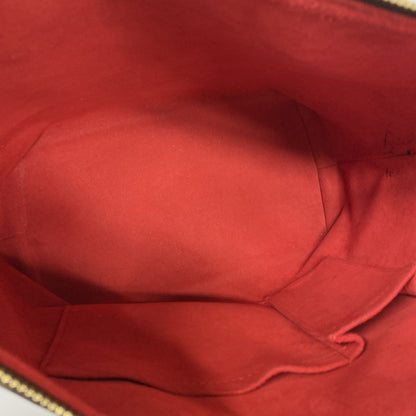 Louis Vuitton Ebene Tote Bag (Pre-Owned)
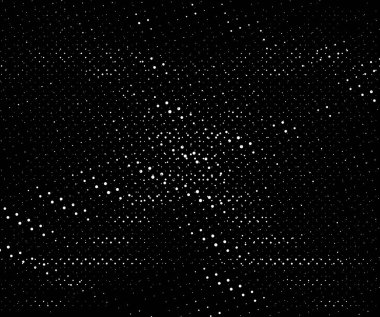 grunge antika karanlık arka plan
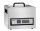 Bartscher SV G16L Sous-Vide Garer  ( 115131 )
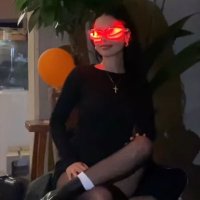 gülsu (@tibidik) 's Twitter Profile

* * *

- **Task prompt**: A verbatim copy of the data, free of pictures, is the expected answer.

- **Solution**:
 Louis Vuitton Ebene Tote Bag (Pre-Owned)
 grunge antika karanlık arka plan
 Bartscher SV G16L Sous-Vide Garer  ( 115131 )
 gülsu (@tibidik) 's Twitter Profile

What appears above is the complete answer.